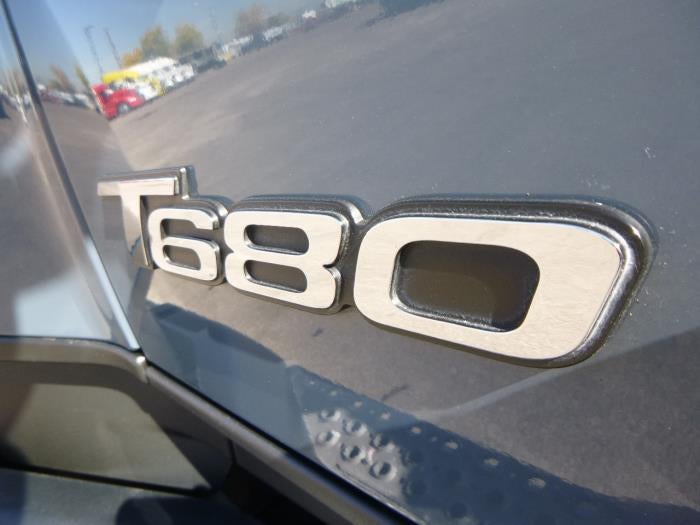 2023 Kenworth T680 Base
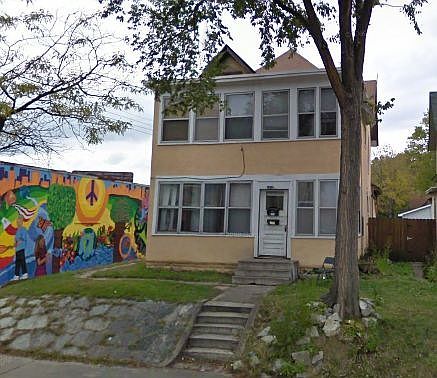 1st image of 2932 15th Ave S APT 2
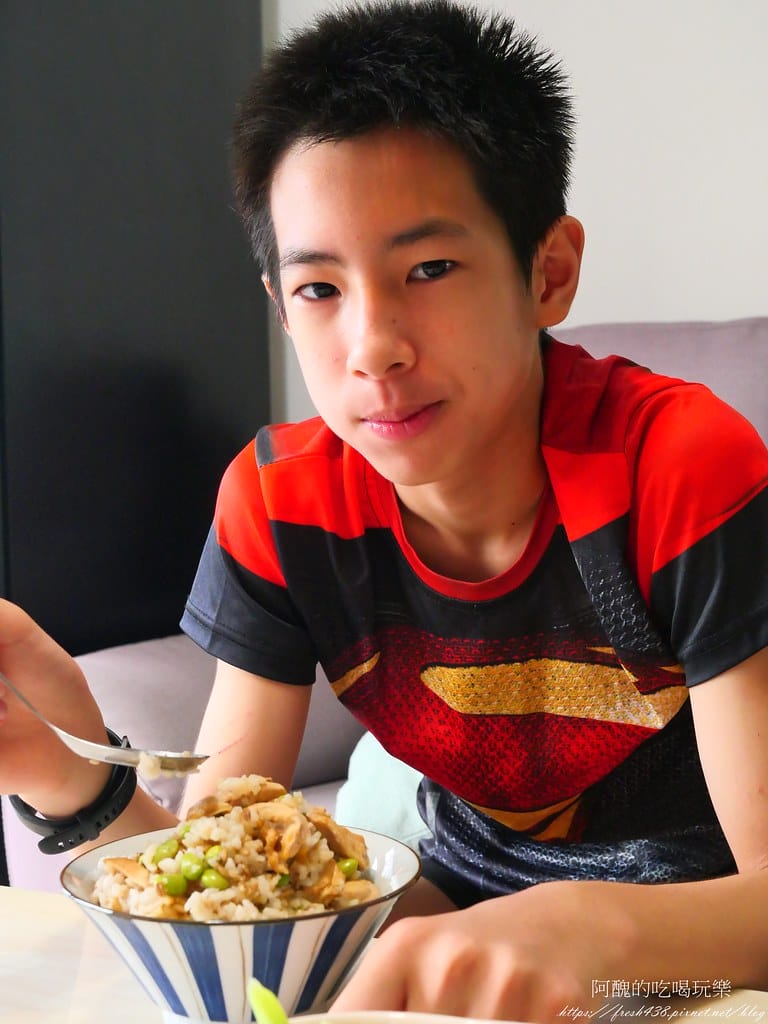 雞胸肉毛豆炊飯,一指神功煮出美味料理。 - 第13張圖 P1015809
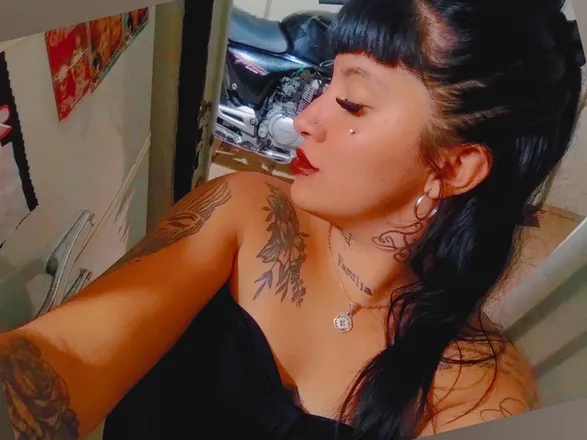 OnlyFans cuenta danaardiless header 2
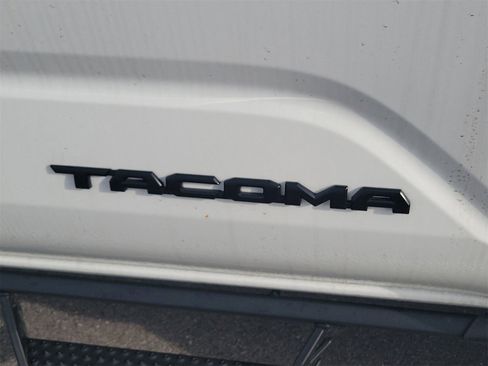 Used 2025 Toyota Tacoma TRD Off-Road image 6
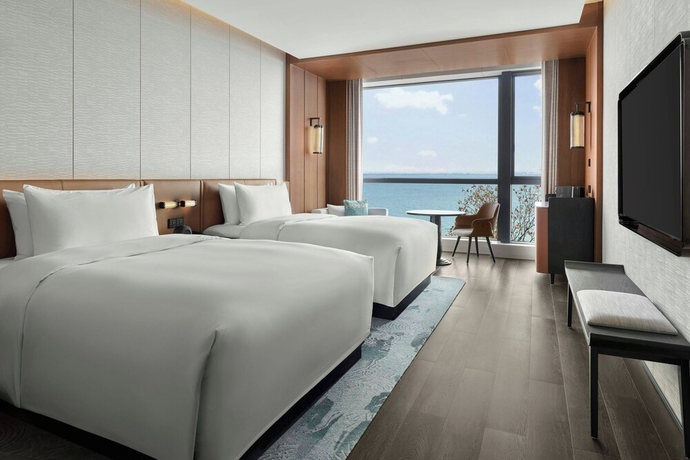 Imagen de la habitación del Hotel Sheraton Suzhou Yangcheng Lake. Foto 13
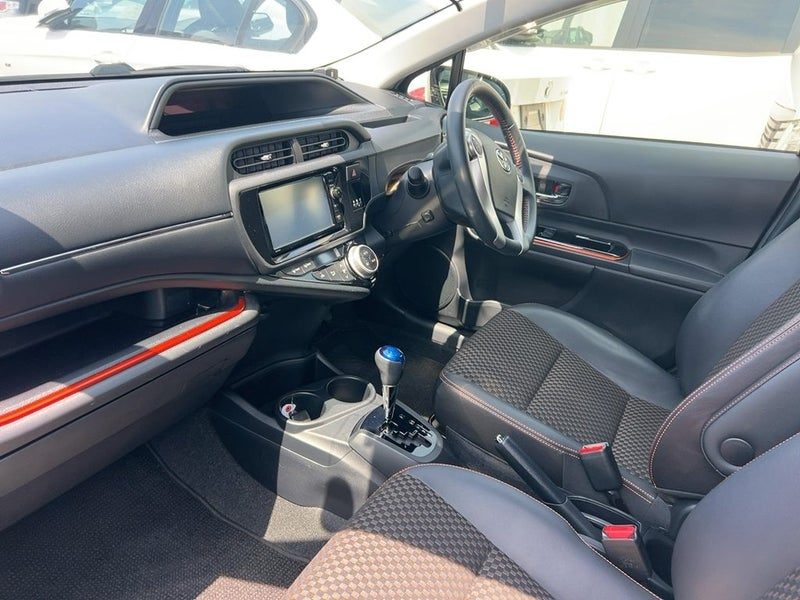 2016 Toyota Aqua Hybrid! X-URBAN!, photo 3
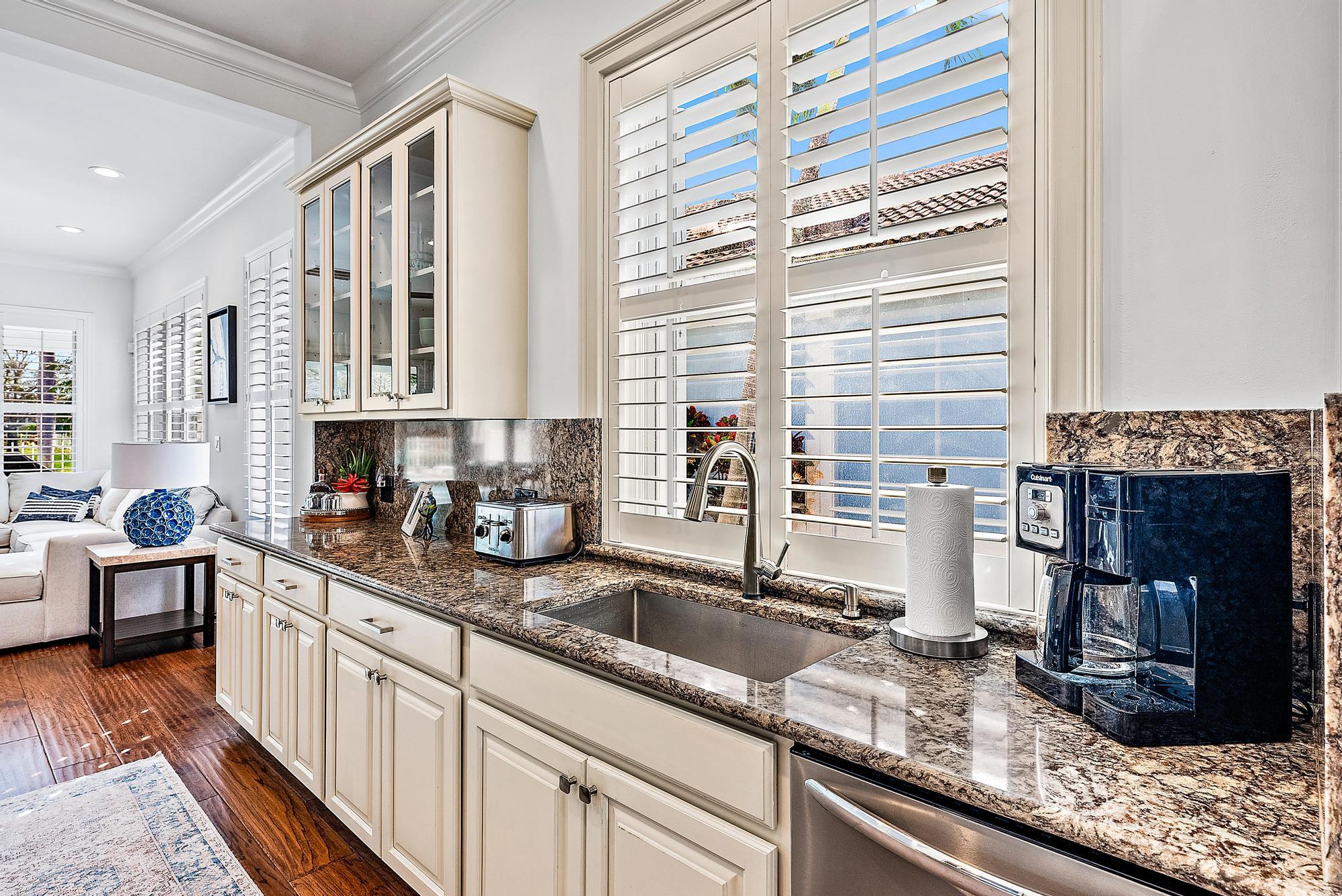 207 South Hampton Drive Jupiter, FL 33458 - Photo 9 of 34 207 S Hampton Dr -34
◆ ◆ ◆ ◆
→ Problem
From the first line of the records through the line containing "2016 Toyota Aqua Hybrid! X-URBAN!, photo 3", please output exactly those lines and nothing more, leaving out the pictures.

→ Solution for this task
 2023 Kenworth T680 Base
 1st image of 2932 15th Ave S APT 2
 雞胸肉毛豆炊飯,一指神功煮出美味料理。 - 第13張圖 P1015809
 OnlyFans cuenta danaardiless header 2
 Used 2025 Toyota Tacoma TRD Off-Road image 6
 Imagen de la habitación del Hotel Sheraton Suzhou Yangcheng Lake. Foto 13
 2016 Toyota Aqua Hybrid! X-URBAN!, photo 3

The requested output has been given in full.